--- Extracted material ---

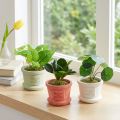 Groene kunstplanten mini planten in pot 15cm 3st | Floristik24.nl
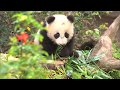 Baby Panda Eats Treats & Cuddles Mom During Public Debut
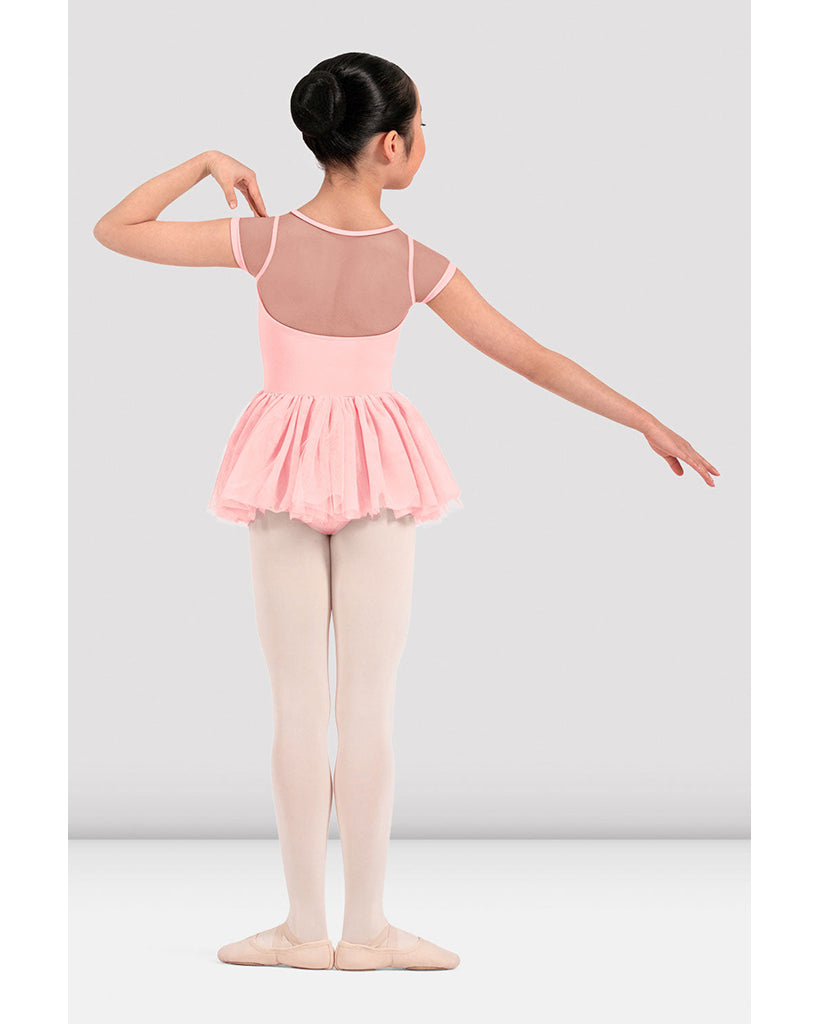 Mirella Floral Embroidered Mesh Cap Sleeve Tutu Ballet Dress - M20012C Girls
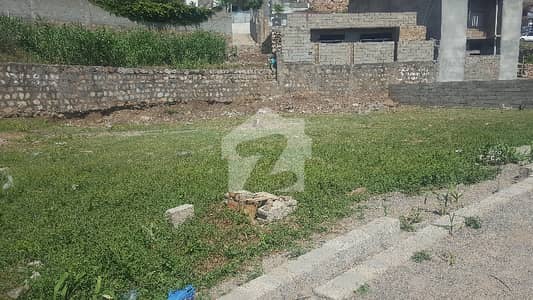 8 Marla Plot For Sale In Gulfarm Town Abbottabad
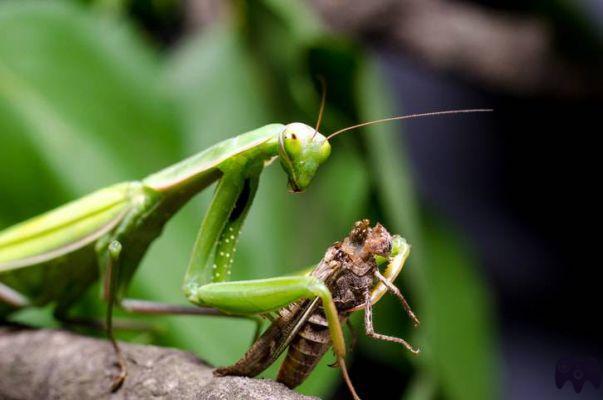 ¿Qué come la mantis religiosa?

---

→ **Work instructions**
Copy out the material above exactly; the images stay out.

→ **Result for this exercise**
 Groene kunstplanten mini planten in pot 15cm 3st | Floristik24.nl
 Baby Panda Eats Treats & Cuddles Mom During Public Debut
 Mirella Floral Embroidered Mesh Cap Sleeve Tutu Ballet Dress - M20012C Girls
 8 Marla Plot For Sale In Gulfarm Town Abbottabad
 ¿Qué come la mantis religiosa?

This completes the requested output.